Surge então o momento dessa resenha de apresentar o segundo foco narrativo do filme: a visão de Lewis Strauss (Robert Downey Jr.) e do governo norte-americano. Por se tratar de uma segunda perspectiva, essa surge em preto e branco, e conta uma grande parte da relação entre o ex-diretor da Comissão de Energia Atômica dos Estados Unidos (AEC) e o diretor do Projeto Manhattan. Lewis, por um sentimento de vingança advindo de um julgamento antigo, quer mais do que ninguém, descredibilizar Oppie e revogar sua autorização de segurança. Todavia, indo além do sentimento de vingança, Strauss pode ser interpretado como a perspectiva do próprio governo americano, que, como nos é apresentado, rejeitou muitos de seus cientistas após a execução de projeto, e até mesmo perseguiu a maior parte deles sob a temeridade de associações comunistas e envolvimento com os soviéticos.
Este inclusive é um aspecto que tranquiliza este redator, já que assim como Oppenheimer não é o herói da história, tampouco são os Estados Unidos, que têm toda a sua hipocrisia e inúmeras fraquezas apresentadas, tanto a respeito da guerra quanto ao avanço tecnológico.

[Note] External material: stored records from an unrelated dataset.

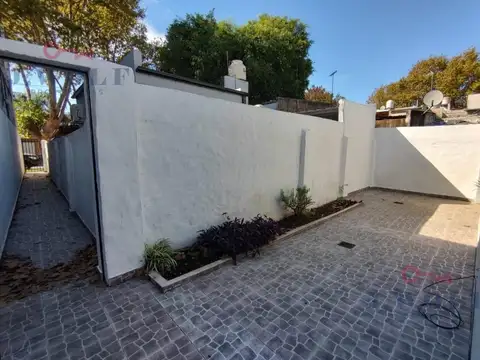 Depto Tipo Casa 3 ambientes con 1 baño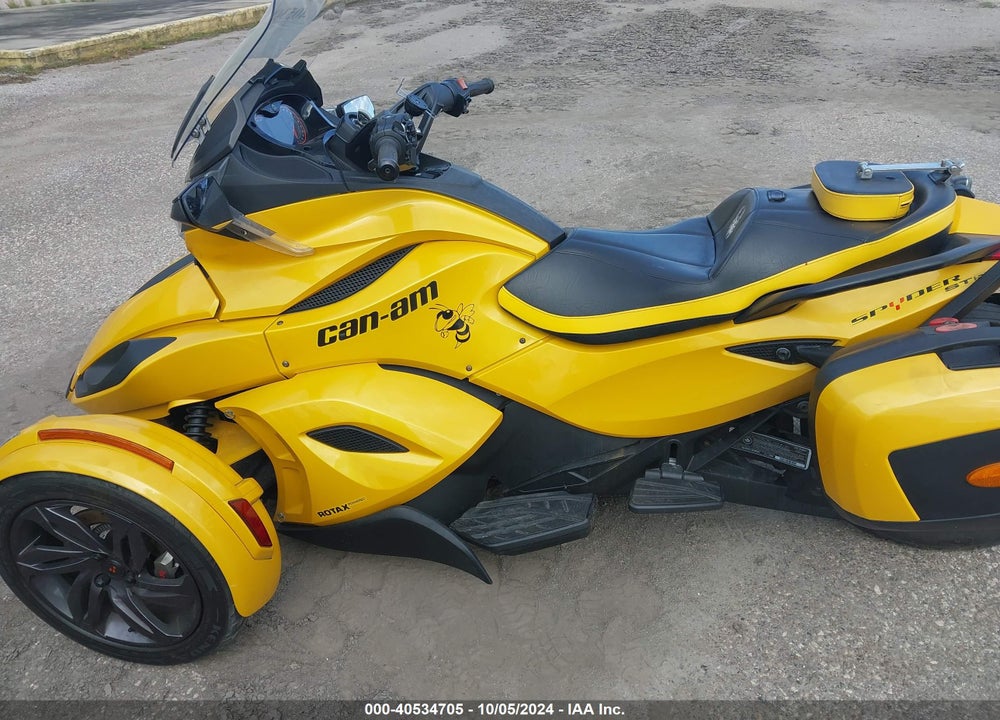 2013 CAN-AM SPYDER ROADSTER ST/STS/ST LIMITED VIN: 2BXNCBC11DV000931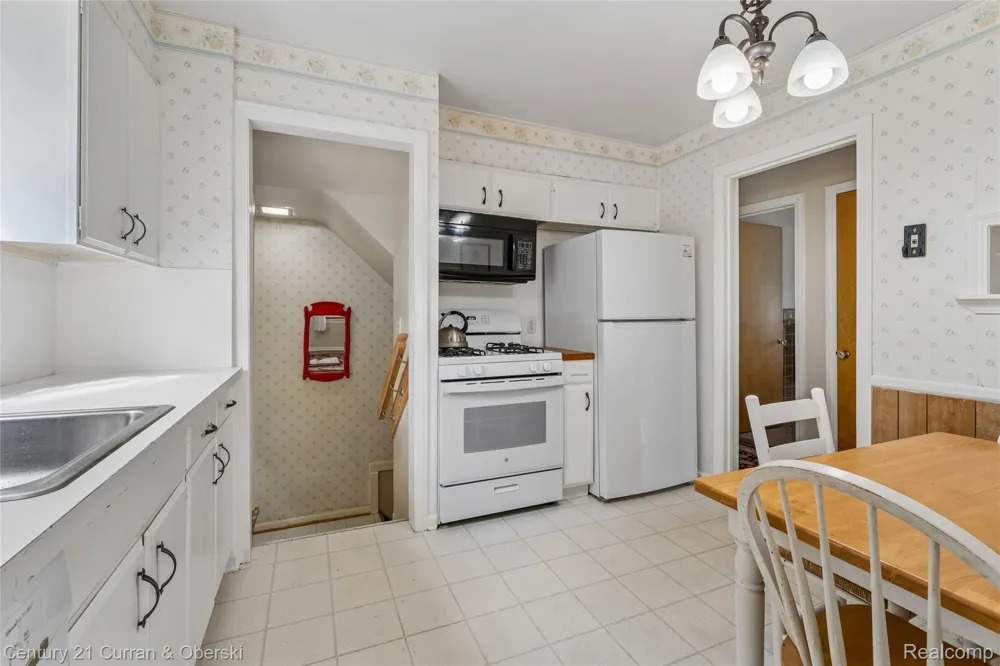 1723 Franklin Street Dearborn City, MI 48128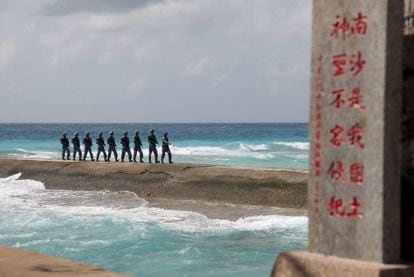 Soldados chinos en la islas Spratly, en febrero de 2016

No mais, além da narrativa, o filme conta com um grande apuro técnico, com o qual os planos são bem construídos e ambientados, dando ênfase para o uso de closes sufocantes nos momentos de maior tensão e cenas épicas de explosões, já que essas, por serem poucas, merecem um maior destaque. Outro fator crucial, e já encontrado nas obras anteriores do diretor, são as composições que formam a trilha sonora, que ambienta muito bem as cenas cotidianas, românticas e aventureiras do protagonista, mas, principalmente, intensifica a tensão proposta pela narrativa, com músicas intensas até mesmo em pequenos conflitos do cientista e não somente nos momentos de maior destaque. Além disso, o silêncio que precede alguns eventos consegue ser tão impactante, e muitas vezes destrutivo, quanto a própria trilha sonora.
A produção conta com personagens marcantes e fundamentais para a história da Ciência, portanto a escolha de elenco de Nolan encontra uma base onde se apoiar, com a escolha de atores de sucesso que participaram de obras notáveis e se encontram em destaque nos dias atuais.

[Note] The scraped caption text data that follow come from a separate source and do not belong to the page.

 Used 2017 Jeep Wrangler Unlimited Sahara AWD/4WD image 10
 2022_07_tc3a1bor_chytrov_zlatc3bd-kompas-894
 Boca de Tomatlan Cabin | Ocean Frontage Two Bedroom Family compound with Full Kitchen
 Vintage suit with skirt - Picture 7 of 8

Em síntese, o filme dispõe de uma narrativa intensa e constante em suas três horas de duração, com personagens muito bem trabalhados e ambientados; atuações marcantes; algumas cenas épicas, outras tensas, algumas somente para efeito de continuidade; uma trilha sonora tão intensa quanto a narrativa e o principal: uma história bem trabalhada com diversos aspectos da vida do cientista, que se intercalam, se combinam ou se conflitam, resultando também em um personagem complexo e fruto de ambições, frustrações e tragédia. Nolan fez um bom trabalho.